Kids and bullying: Understanding the psychology

Ingy Deif, Friday 2 Jun 2023

Ahram Online talks to experts about the psychological factors that lead to bullying among youngsters.

children in Egypt (UNICEF)


Psychology informs us that though we tend to see children as innocent, some psychological factors may drive children to bully one another. 

According to Dr Radwa Abdel-Azim, dance movement therapist & consultant of psychiatry at Kasr Al-Aini University, the reason for bullying can differ from one community to another and may even be genetic.

"It actually may run in families as in the case of pathological lying and stealing, and could be aggravated by disruptive family environments (addict or antisocial parent, domestic violence, etc., for example)," she said.

On the other hand, Abdel-Azim points out that bullying is part of an emotional and behavioural disorder that carries depression at its core.

Pathologically, many children who lack prosocial skills and the ability to express their frustration with their environment at home and school act out their attempt to control other territories by being aggressive to others and polarizing bystanders around themselves and the victim.

In recent years, Egypt has been increasingly focusing on the issue of bullying.

In 2018, Egypt's National Council for Childhood and Motherhood and the Ministry of Education launched the country's first national anti-bullying campaign in cooperation with the UN Children's Fund (UNICEF) to protect children from physical and psychological abuse.
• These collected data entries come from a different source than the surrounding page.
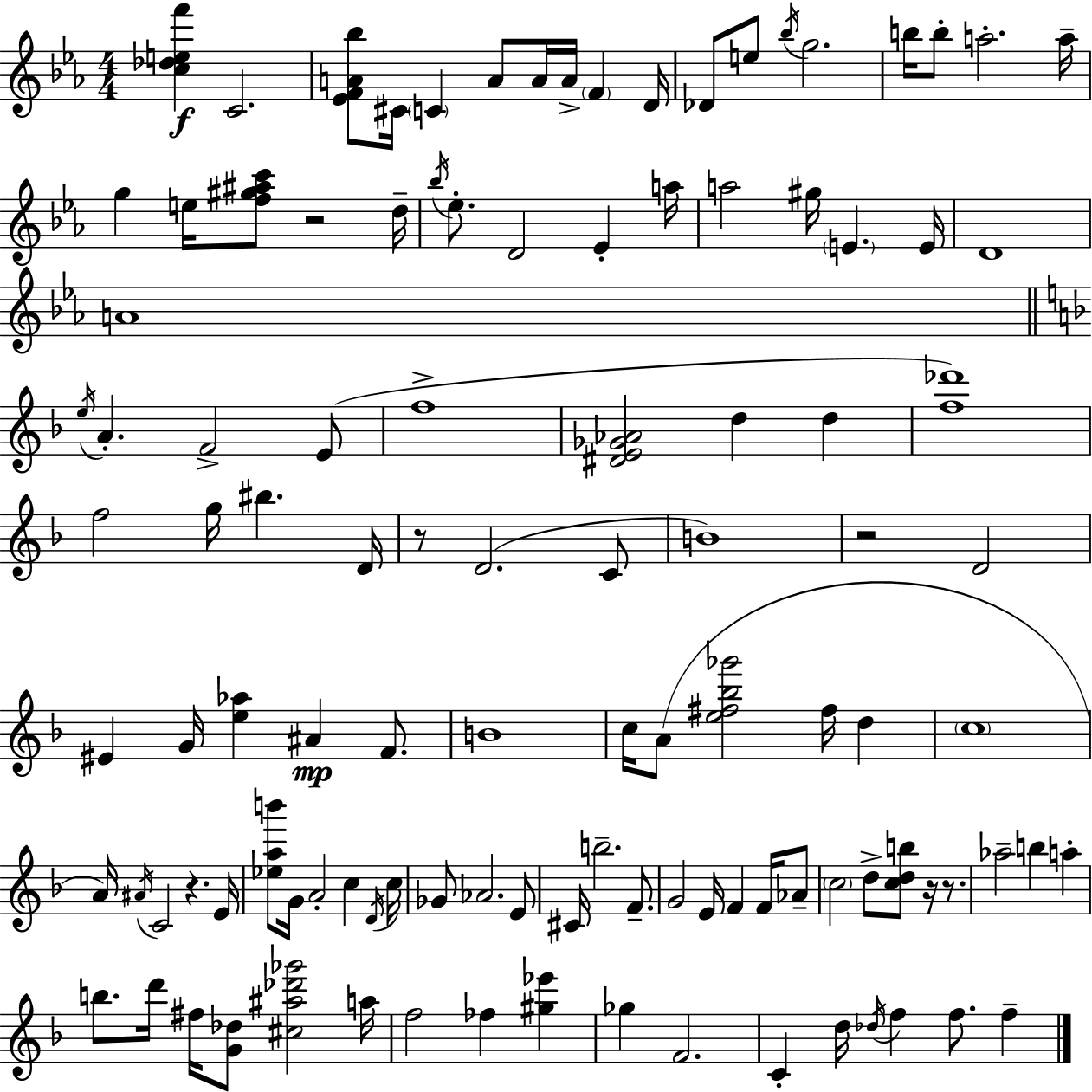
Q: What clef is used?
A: treble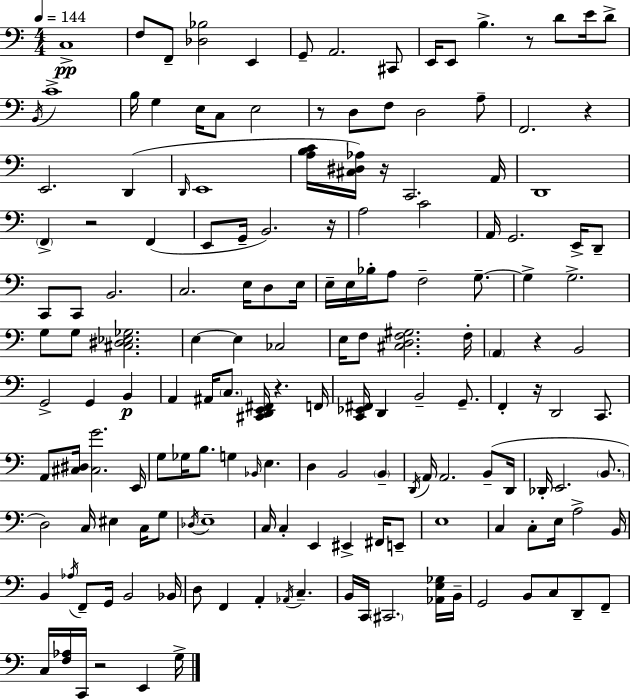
C3/w F3/e F2/e [Db3,Bb3]/h E2/q G2/e A2/h. C#2/e E2/s E2/e B3/q. R/e D4/e E4/s D4/e B2/s C4/w B3/s G3/q E3/s C3/e E3/h R/e D3/e F3/e D3/h A3/e F2/h. R/q E2/h. D2/q D2/s E2/w [A3,B3,C4]/s [C#3,D#3,Ab3]/s R/s C2/h. A2/s D2/w F2/q R/h F2/q E2/e G2/s B2/h. R/s A3/h C4/h A2/s G2/h. E2/s D2/e C2/e C2/e B2/h. C3/h. E3/s D3/e E3/s E3/s E3/s Bb3/s A3/e F3/h G3/e. G3/q G3/h. G3/e G3/e [C#3,D#3,Eb3,Gb3]/h. E3/q E3/q CES3/h E3/s F3/e [C#3,D3,F3,G#3]/h. F3/s A2/q R/q B2/h G2/h G2/q B2/q A2/q A#2/s C3/e. [C#2,D2,E2,F#2]/s R/q. F2/s [C2,Eb2,F#2]/s D2/q B2/h G2/e. F2/q R/s D2/h C2/e. A2/e [C#3,D#3]/s [C#3,G4]/h. E2/s G3/e Gb3/s B3/e. G3/q Bb2/s E3/q. D3/q B2/h B2/q D2/s A2/s A2/h. B2/e D2/s Db2/s E2/h. B2/e. D3/h C3/s EIS3/q C3/s G3/e Db3/s E3/w C3/s C3/q E2/q EIS2/q F#2/s E2/e E3/w C3/q C3/e E3/s A3/h B2/s B2/q Ab3/s F2/e G2/s B2/h Bb2/s D3/e F2/q A2/q Ab2/s C3/q. B2/s C2/s C#2/h. [Ab2,E3,Gb3]/s B2/s G2/h B2/e C3/e D2/e F2/e C3/s [F3,Ab3]/s C2/s R/h E2/q G3/s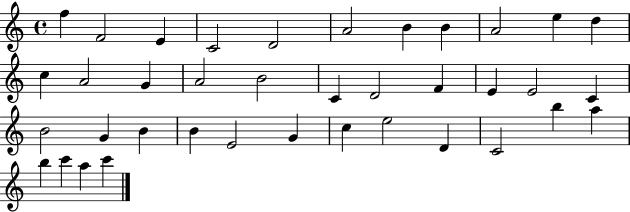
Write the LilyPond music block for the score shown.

{
  \clef treble
  \time 4/4
  \defaultTimeSignature
  \key c \major
  f''4 f'2 e'4 | c'2 d'2 | a'2 b'4 b'4 | a'2 e''4 d''4 | \break c''4 a'2 g'4 | a'2 b'2 | c'4 d'2 f'4 | e'4 e'2 c'4 | \break b'2 g'4 b'4 | b'4 e'2 g'4 | c''4 e''2 d'4 | c'2 b''4 a''4 | \break b''4 c'''4 a''4 c'''4 | \bar "|."
}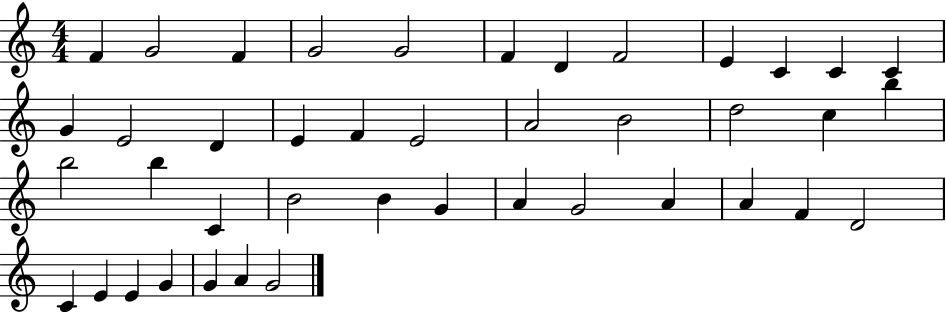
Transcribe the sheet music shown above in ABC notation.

X:1
T:Untitled
M:4/4
L:1/4
K:C
F G2 F G2 G2 F D F2 E C C C G E2 D E F E2 A2 B2 d2 c b b2 b C B2 B G A G2 A A F D2 C E E G G A G2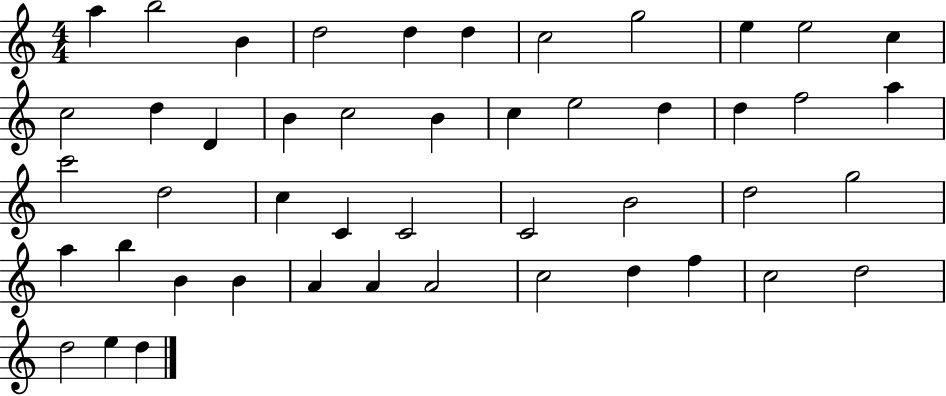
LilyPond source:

{
  \clef treble
  \numericTimeSignature
  \time 4/4
  \key c \major
  a''4 b''2 b'4 | d''2 d''4 d''4 | c''2 g''2 | e''4 e''2 c''4 | \break c''2 d''4 d'4 | b'4 c''2 b'4 | c''4 e''2 d''4 | d''4 f''2 a''4 | \break c'''2 d''2 | c''4 c'4 c'2 | c'2 b'2 | d''2 g''2 | \break a''4 b''4 b'4 b'4 | a'4 a'4 a'2 | c''2 d''4 f''4 | c''2 d''2 | \break d''2 e''4 d''4 | \bar "|."
}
In 2020, prison penalties against bullying were included in the country's penal code.

The penalties include a prison term of no less than six months and/or a fine of EGP 10,000 to EGP 30,000.

If the offence is committed by more than one person, or if the offender is related to the victim, penalties can be increased to a minimum of one year in prison and/or a fine ranging from EGP 20,000 to EGP 100,000.
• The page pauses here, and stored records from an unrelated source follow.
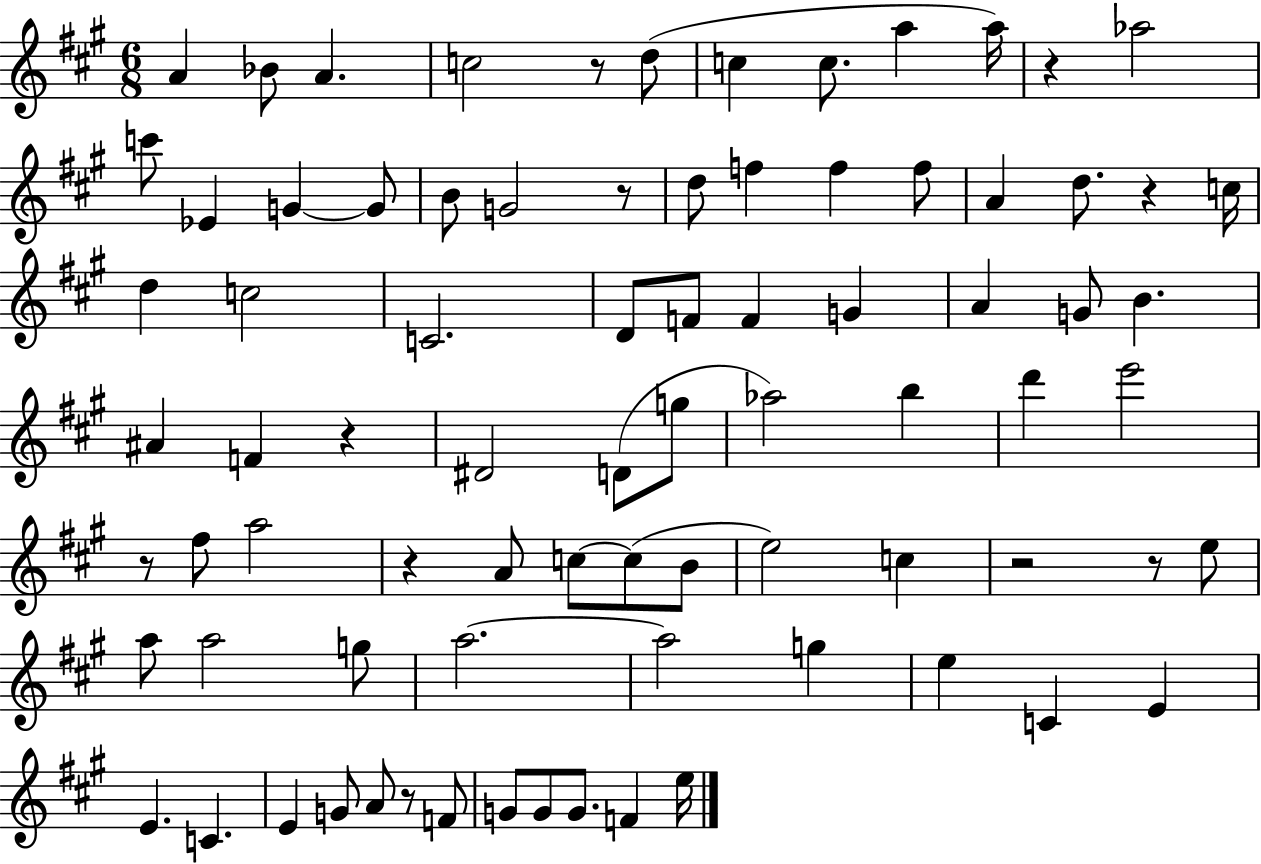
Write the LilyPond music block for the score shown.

{
  \clef treble
  \numericTimeSignature
  \time 6/8
  \key a \major
  \repeat volta 2 { a'4 bes'8 a'4. | c''2 r8 d''8( | c''4 c''8. a''4 a''16) | r4 aes''2 | \break c'''8 ees'4 g'4~~ g'8 | b'8 g'2 r8 | d''8 f''4 f''4 f''8 | a'4 d''8. r4 c''16 | \break d''4 c''2 | c'2. | d'8 f'8 f'4 g'4 | a'4 g'8 b'4. | \break ais'4 f'4 r4 | dis'2 d'8( g''8 | aes''2) b''4 | d'''4 e'''2 | \break r8 fis''8 a''2 | r4 a'8 c''8~~ c''8( b'8 | e''2) c''4 | r2 r8 e''8 | \break a''8 a''2 g''8 | a''2.~~ | a''2 g''4 | e''4 c'4 e'4 | \break e'4. c'4. | e'4 g'8 a'8 r8 f'8 | g'8 g'8 g'8. f'4 e''16 | } \bar "|."
}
In October 2021, the Egyptian House of Representatives approved a legislative amendment that toughens penalties against bullying disabled people, raising the maximum sentence to five years in prison.

 The Al-Azhar Observatory for Combating Extremism (AOCE) has also warned of the dangers of bullying at schools, citing UNICEF statistics which suggest that up to 70 percent of Egyptian children experience bullying by their schoolmates.

Laila Edrees, a cognitive-behavioural therapist and freelance parent educator, stresses that the general guidelines for dealing with the problem of bullying involve listening carefully to the child and responding with comments that validate their feelings.

"The child needs to see that you feel his anger or pain, never trivialize the act or tell him comments like: ‘this is a simple matter’ as this surely would frustrate him and make him feel lonelier," Edrees said.

The parents, she said, should then ask the child how they would prefer to act or deal with the situation. Then they should suggest remedies while maintaining the child's illusion that he/she came up with the solution themselves.   

Bullying research has focused on the social construct of the bully and the lack of a safe environment in their surroundings.

Speaking of the effects of bullying, Abdel-Azim pointed out that the bully, the victim, and the bystander are all affected by such a morbid triangle.

"When these incidents force themselves within the kids' community, anxiety prevails, and it is well established that anxious children fail to learn. Anxiety hinders new information processing and blocks memory. So, you could imagine how a young boy would feel when surrounded by other children threatening his existence while a few bystanders observe him. Such a child tends to feel unsafe in a way that threatens his self-boundaries. He also suffers a blow to his self-esteem and self-image," she said.

Abdel-Azim stressed that all parties of the triangle benefit from management: the bully, the bullied (victim), and the bystander (who participated by watching without intervening).

"Maximum benefit occurs when the school, the home, and the specialist participate together in managing the problem. These kids greatly benefit from psychotherapy. They also benefit from learning prosocial skills to improve their ability to communicate and express their frustration and anger instead of acting it out," she said. 

Abdel-Azim also noted that attention-deficit hyperactivity disorder and depression, as well as anxiety, are associated -- especially at a young age -- with bullying among children. 

In these cases, she said, some medications may play a role hand in hand with other forms of treatments.

Finally, Abdel-Azim noted that implementing a management plan that addresses the issue of bullying takes time and that consistency is essential for preventing the recurrence of such behaviour.